4. Hymne an die Nacht
Nun weiß ich, wenn der letzte Morgen seyn wird – wenn das Licht nicht
mehr die Nacht und die Liebe scheucht – wenn der Schlummer ewig und nur
Ein unerschöpflicher Traum seyn wird. Himmlische Müdigkeit fühl
ich in mir. – Weit und ermüdend ward mir die Wallfahrt zum heiligen
Grabe, drückend das Kreutz. Die krystallene Woge, die gemeinen Sinnen
unvernehmlich, in des Hügels dunkeln Schooß quillt, an dessen
Fuß die irdische Flut bricht, wer sie gekostet, wer oben stand auf
dem Grenzgebürge der Welt, und hinübersah in das neue Land,
in der Nacht Wohnsitz – warlich der kehrt nicht in das Treiben der Welt
zurück, in das Land, wo das Licht in ewiger Unruh hauset.
Oben baut er sich Hütten, Hütten des Friedens, sehnt sich und
liebt, schaut hinüber, bis die willkommenste aller Stunden hinunter
ihn in den Brunnen der Quelle zieht – das Irdische schwimmt obenauf, wird
von Stürmen zurückgeführt, aber was heilig durch der Liebe
Berührung ward, rinnt aufgelöst in verborgenen Gängen auf
das jenseitige Gebiet, wo es, wie Düfte, sich mit entschlummerten
Lieben mischt.
Noch
weckst du, muntres Licht den Müden zur Arbeit – flößest
fröhliches Leben mir ein – aber du lockst mich von der Erinnerung
moosigem Denkmal nicht. Gern will ich die fleißigen Hände rühren,
überall umschaun, wo du mich brauchst – rühmen deines Glanzes
volle Pracht – unverdroßen verfolgen deines künstlichen Werks
schönen Zusammenhang – gern betrachten deiner gewaltigen, leuchtenden
Uhr sinnvollen Gang – ergründen der Kräfte Ebenmaß und
die Regeln des Wunderspiels unzähliger Räume und ihrer Zeiten.
Aber getreu der Nacht bleibt mein geheimes Herz, und der schaffenden Liebe,
ihrer Tochter. Kannst du mir zeigen ein ewig treues Herz? hat deine Sonne
freundliche Augen, die mich erkennen? fassen deine Sterne meine verlangende
Hand? Geben mir wieder den zärtlichen Druck und das kosende Wort?

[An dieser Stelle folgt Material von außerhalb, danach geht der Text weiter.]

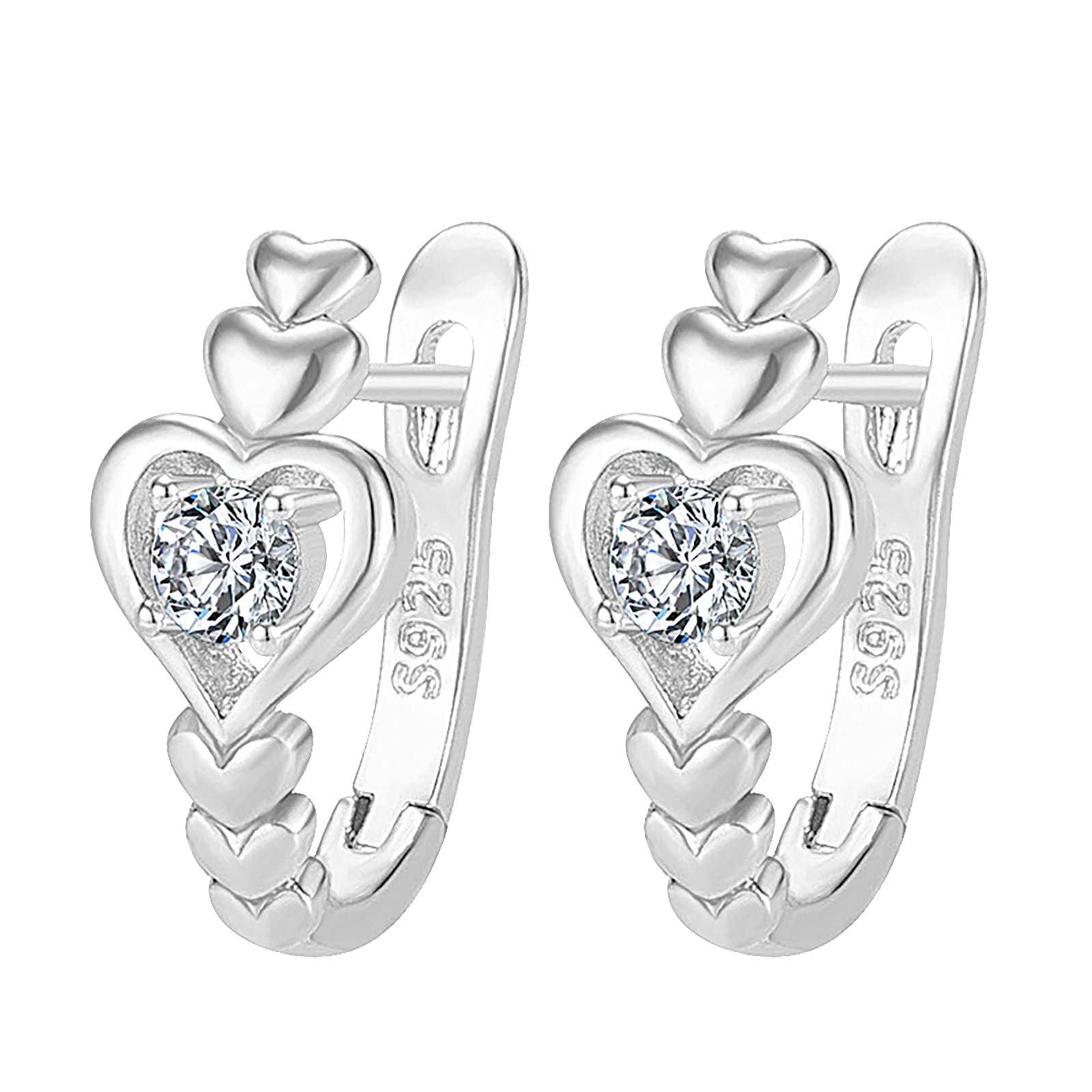 Trendy Heart & Diamond Stud Earrings for Teen Girls - Minimalist Piercing Jewelry, Silver Hoop Earrings for Women | Perfect for Parties, Gifts & Everyday Wear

Hast du mit Farben und leichtem Umriß Sie geziert – oder war Sie
es, die deinem Schmuck höhere, liebere Bedeutung gab? Welche Wollust,
welchen Genuß bietet dein Leben, die aufwögen des Todes Entzückungen?
Trägt nicht alles, was uns begeistert, die Farbe der Nacht? Sie trägt
dich mütterlich und ihr verdankst du all deine Herrlichkeit. Du verflögst
in dir selbst – in endlosen Raum zergingst du, wenn sie dich nicht hielte,
dich nicht bände, daß du warm würdest und flammend die
Welt zeugtest. Warlich ich war, eh du warst – die Mutter schickte mit
meinen Geschwistern mich, zu bewohnen deine Welt, sie zu heiligen mit
Liebe, daß sie ein ewig angeschautes Denkmal werde – zu bepflanzen
sie mit unverwelklichen Blumen. Noch reiften sie nicht diese göttlichen
Gedanken – Noch sind der Spuren unserer Offenbarung wenig – Einst zeigt
deine Uhr das Ende der Zeit, wenn du wirst wie unser einer, und voll Sehnsucht
und Inbrunst auslöschest und stirbst. In mir fühl ich deiner
Geschäftigkeit Ende – himmlische Freyheit, selige Rückkehr.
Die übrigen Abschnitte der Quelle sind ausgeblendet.